最初の頃は本当に大変でした。社内に他に iOS 開発者もいなかったので、話が聞ける先輩もいなければ、当時 Swift がまだ beta 版だったこともあって何かあったとしてもそれが Swift の問題なのか自分の問題なのかも神のみぞ知るでした。でも「まあとりあえず何か作ってみようよ」という非常に曖昧、言い換えれば自由なオーダーのおかげで、本当に色々と自由に研究することができました。昔の移植開発会社が作った iOS 移植作品のソースコード参照しながら Swift でそれを書き直してみたり、参考書を買ってきて何かしらのアクセサリーアプリを作ってみたり、話が聞ける先輩がいないことも言い換えればなんでも自己裁量でやってしまうことができました。自慢になってしまいますがその 2 年間は凄まじい成長ができた自負があります。iOS 開発の勉強会の常連にもなって、登壇して初心者たちにアドバイスすらできるくらいになったのです。

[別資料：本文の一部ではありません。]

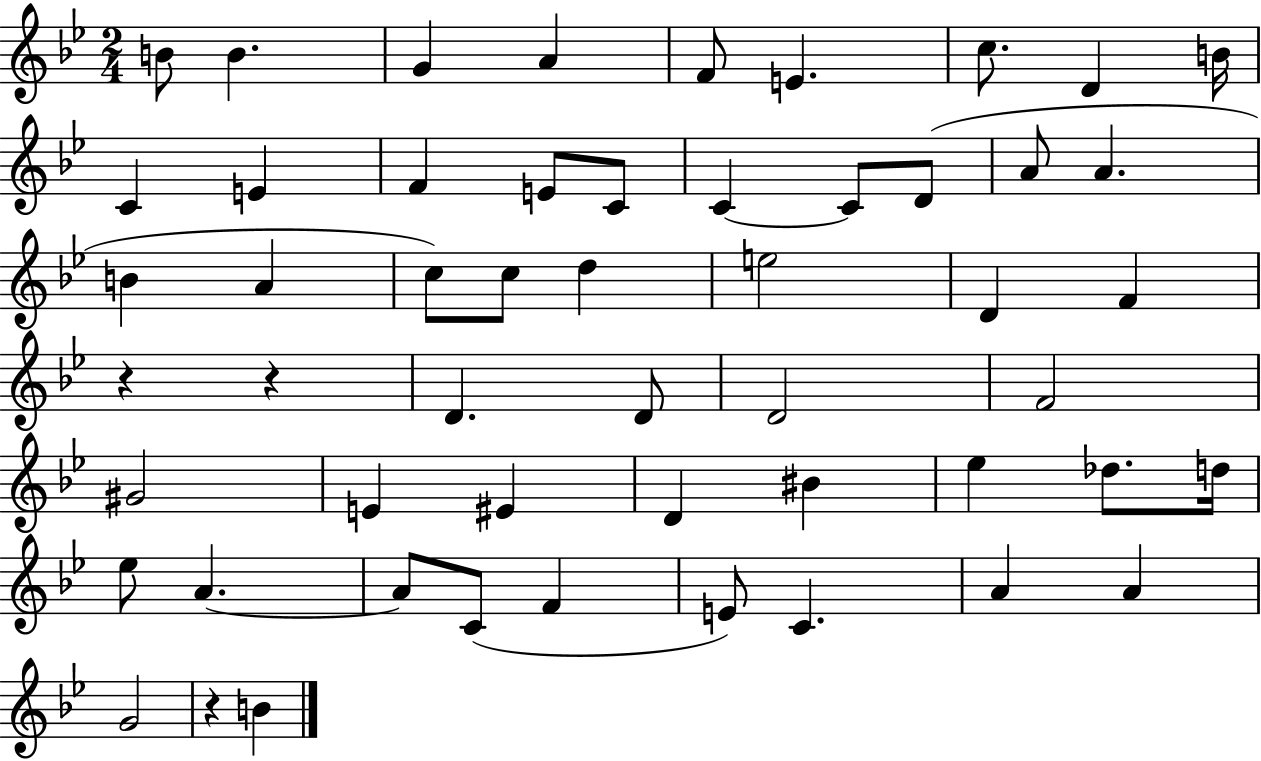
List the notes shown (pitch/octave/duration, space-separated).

B4/e B4/q. G4/q A4/q F4/e E4/q. C5/e. D4/q B4/s C4/q E4/q F4/q E4/e C4/e C4/q C4/e D4/e A4/e A4/q. B4/q A4/q C5/e C5/e D5/q E5/h D4/q F4/q R/q R/q D4/q. D4/e D4/h F4/h G#4/h E4/q EIS4/q D4/q BIS4/q Eb5/q Db5/e. D5/s Eb5/e A4/q. A4/e C4/e F4/q E4/e C4/q. A4/q A4/q G4/h R/q B4/q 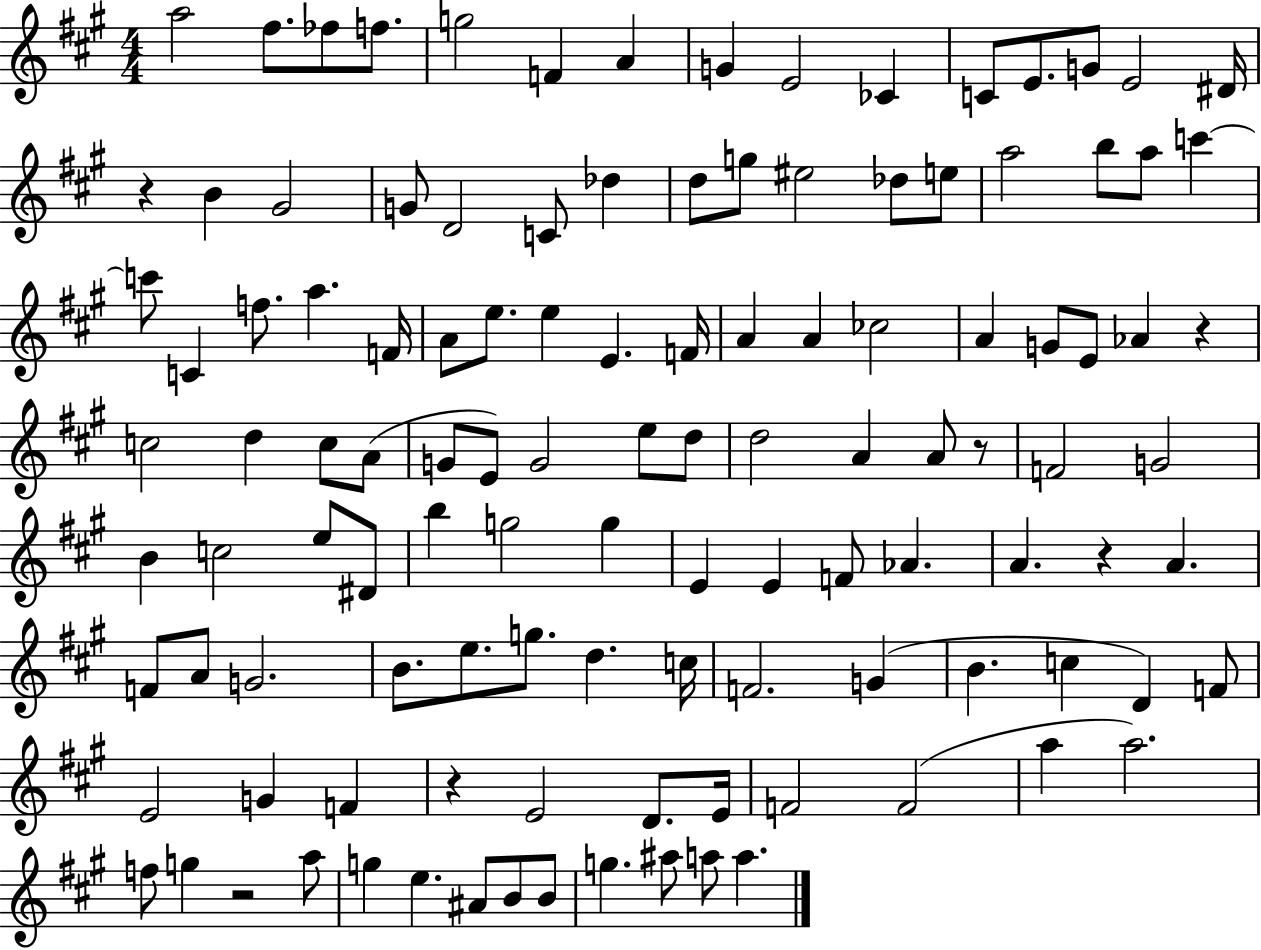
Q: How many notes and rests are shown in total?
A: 116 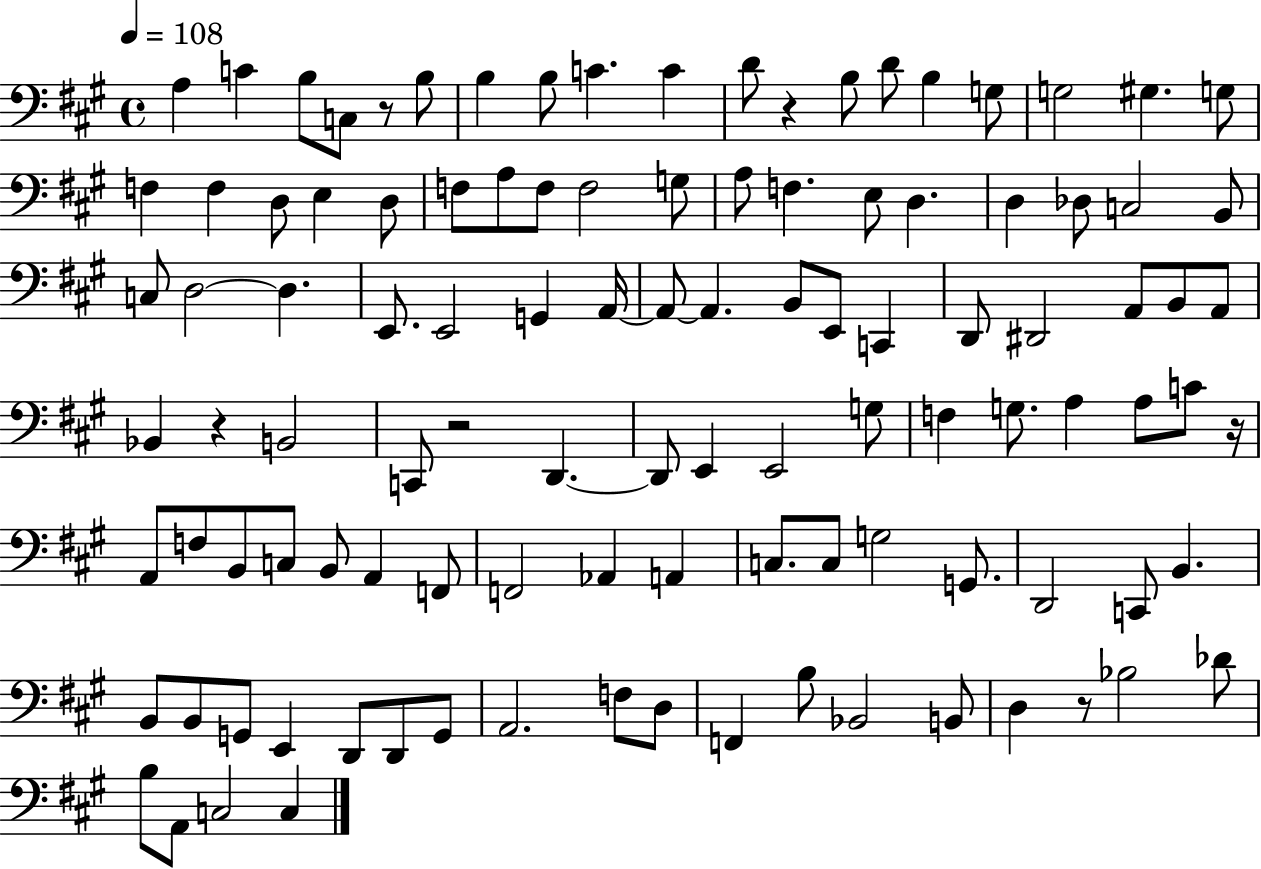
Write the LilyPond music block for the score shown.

{
  \clef bass
  \time 4/4
  \defaultTimeSignature
  \key a \major
  \tempo 4 = 108
  a4 c'4 b8 c8 r8 b8 | b4 b8 c'4. c'4 | d'8 r4 b8 d'8 b4 g8 | g2 gis4. g8 | \break f4 f4 d8 e4 d8 | f8 a8 f8 f2 g8 | a8 f4. e8 d4. | d4 des8 c2 b,8 | \break c8 d2~~ d4. | e,8. e,2 g,4 a,16~~ | a,8~~ a,4. b,8 e,8 c,4 | d,8 dis,2 a,8 b,8 a,8 | \break bes,4 r4 b,2 | c,8 r2 d,4.~~ | d,8 e,4 e,2 g8 | f4 g8. a4 a8 c'8 r16 | \break a,8 f8 b,8 c8 b,8 a,4 f,8 | f,2 aes,4 a,4 | c8. c8 g2 g,8. | d,2 c,8 b,4. | \break b,8 b,8 g,8 e,4 d,8 d,8 g,8 | a,2. f8 d8 | f,4 b8 bes,2 b,8 | d4 r8 bes2 des'8 | \break b8 a,8 c2 c4 | \bar "|."
} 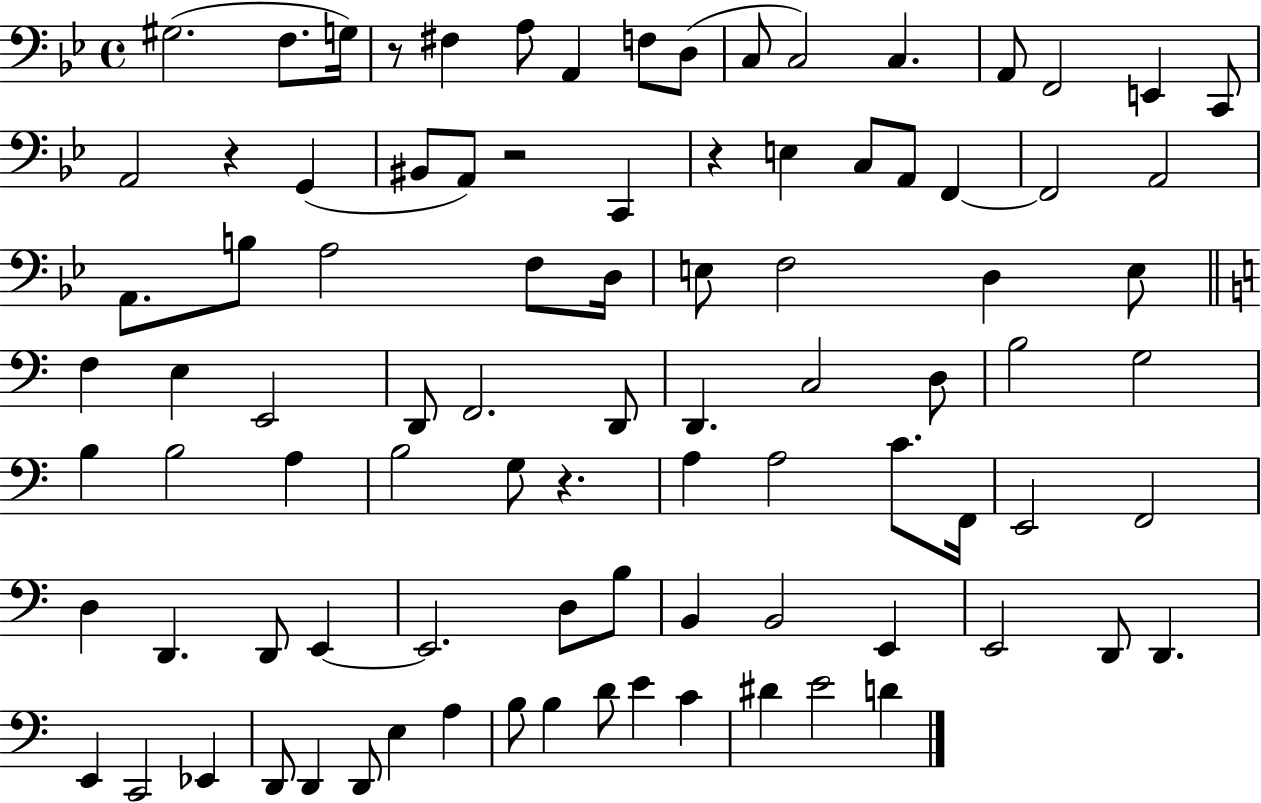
G#3/h. F3/e. G3/s R/e F#3/q A3/e A2/q F3/e D3/e C3/e C3/h C3/q. A2/e F2/h E2/q C2/e A2/h R/q G2/q BIS2/e A2/e R/h C2/q R/q E3/q C3/e A2/e F2/q F2/h A2/h A2/e. B3/e A3/h F3/e D3/s E3/e F3/h D3/q E3/e F3/q E3/q E2/h D2/e F2/h. D2/e D2/q. C3/h D3/e B3/h G3/h B3/q B3/h A3/q B3/h G3/e R/q. A3/q A3/h C4/e. F2/s E2/h F2/h D3/q D2/q. D2/e E2/q E2/h. D3/e B3/e B2/q B2/h E2/q E2/h D2/e D2/q. E2/q C2/h Eb2/q D2/e D2/q D2/e E3/q A3/q B3/e B3/q D4/e E4/q C4/q D#4/q E4/h D4/q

ですので、言い換えれば、今回転職することができたのも、本当に今まで自由にやらせてもらったおかげで圧倒的成長ができたから他ありません。なので今の会社にも当然とても感謝しております。

感謝といえば先ほど木村 P の話出てきましたが、他にも松原 P にもたくさんお世話になりました。私の「将来プロデューサーになりたい」の一言に、「このコンシューマ化企画もし通ったらとりあえずまずディレクターからやってみない?」と声をかけてくださったのが松原 P でした。残念ながら最終的にその企画自体がボツになってしまいましたが、やりたいことがあればなるべくそれを叶えようとしてくださるプロデューサーさんたちに本当に感謝極まりないです。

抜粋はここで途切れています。